▶ **AVAILABLE DATA**
• • • •
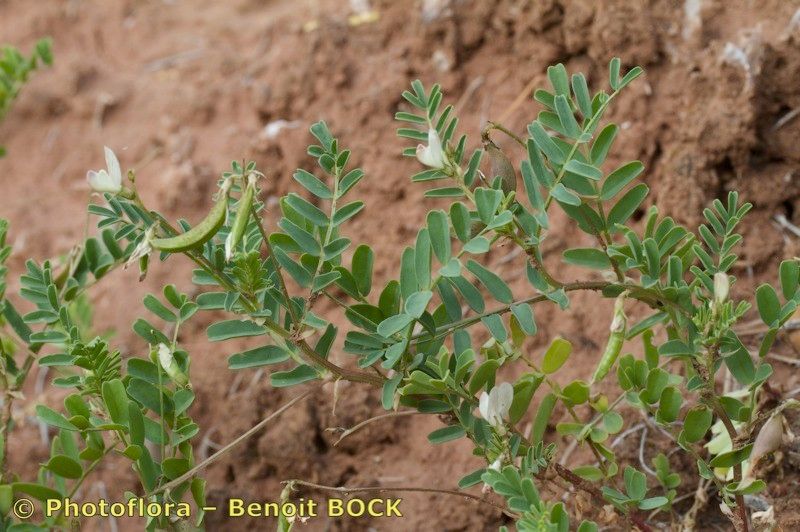 Astragalus cymbicarpos other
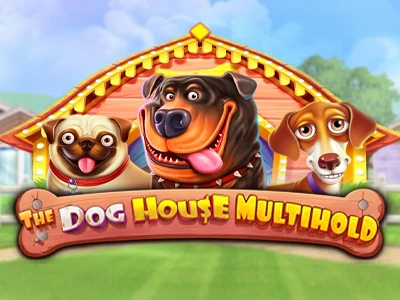 1win dog house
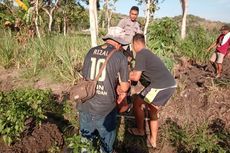 Garap Sawah, 2 Lansia di Bantul Tersengat Tawon hingga Seluruh Tubuh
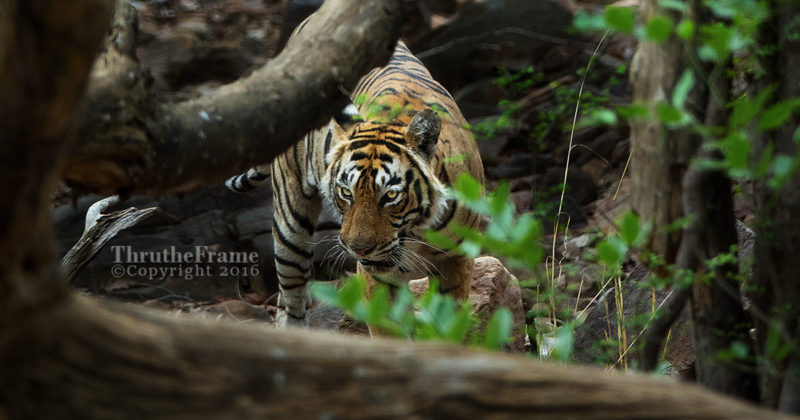 Wildlife Photos with a Bridge Camera: A Tiger Safari and a Sony RX10 III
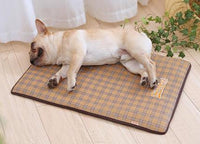 Thumbnail for Baxter - Summer Time Cooling Pet Mat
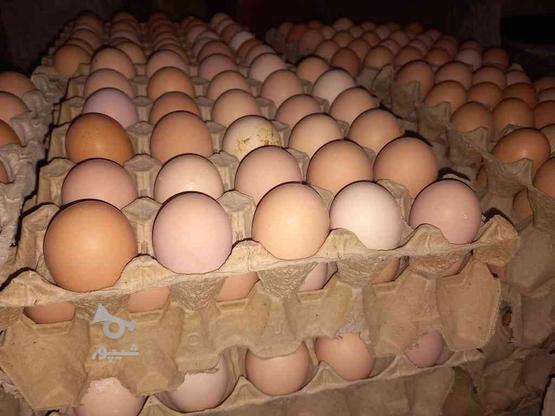 تخم مرغ بومی محلی در گروه خرید و فروش خدمات و کسب و کار در اصفهان در شیپور-عکس1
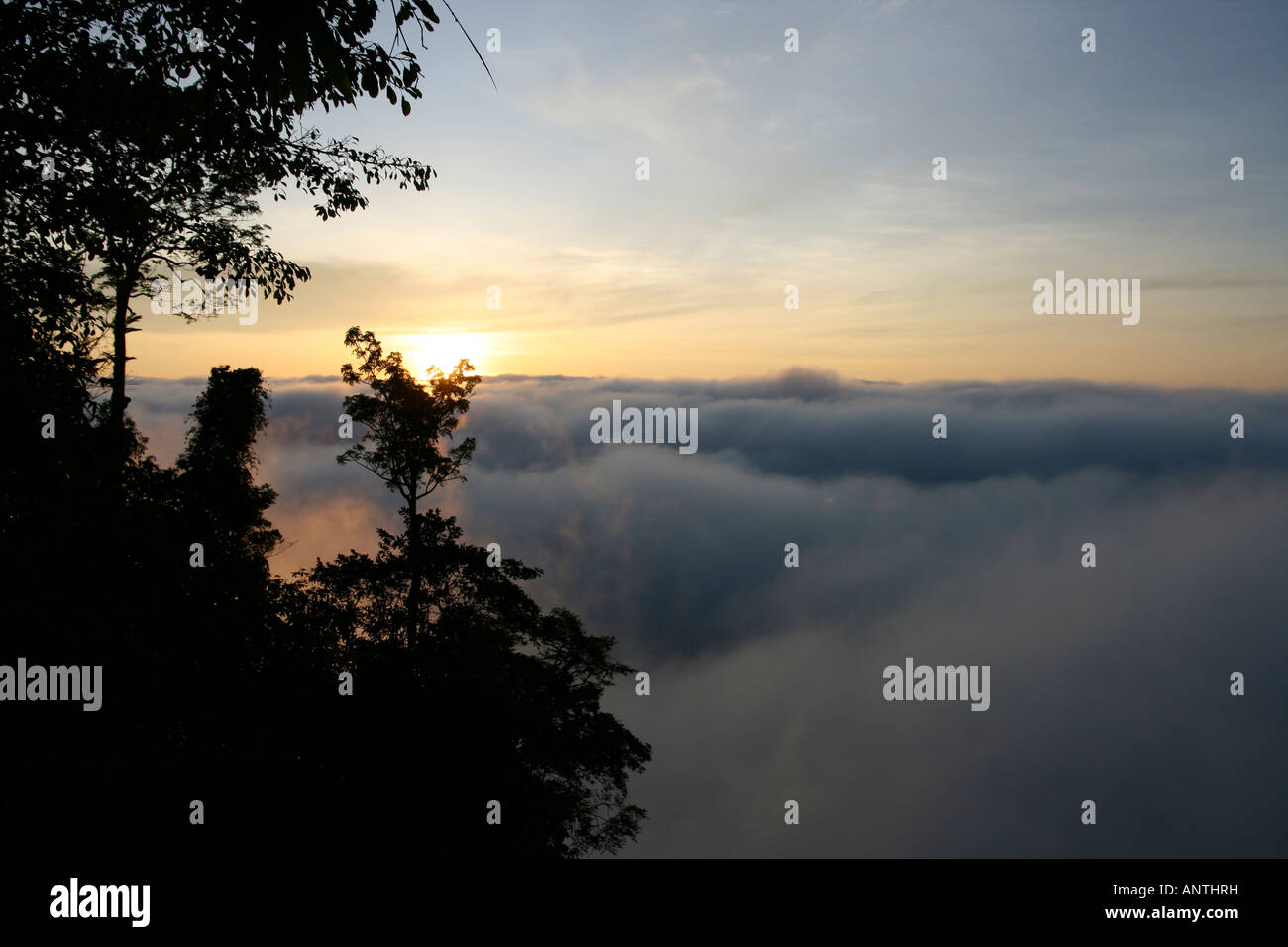 Sunrise over a cloudbank seen from halfway up Gunung Stong a mountain in Kelantan state Malaysia Asia Stock Photo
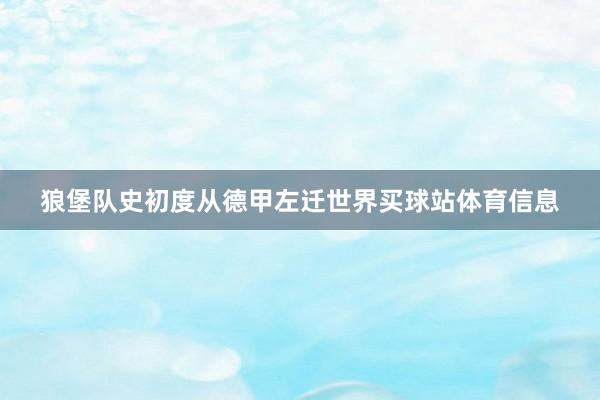 狼堡队史初度从德甲左迁世界买球站体育信息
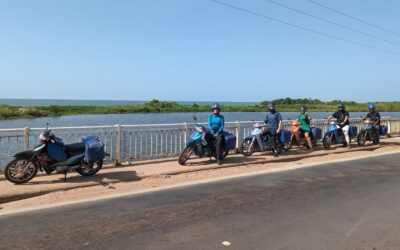 What Kind of Bikes Do We Ride?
• • • •
▶ **INSTRUCTIONS TO FOLLOW**
Restate the lines above from the one containing "Wildlife Photos with" through the one containing "تخم مرغ بومی", inclusive, exactly and without pictures.

▶ **SOLUTION TO THE PROBLEM**
 Wildlife Photos with a Bridge Camera: A Tiger Safari and a Sony RX10 III
 Thumbnail for Baxter - Summer Time Cooling Pet Mat
 تخم مرغ بومی محلی در گروه خرید و فروش خدمات و کسب و کار در اصفهان در شیپور-عکس1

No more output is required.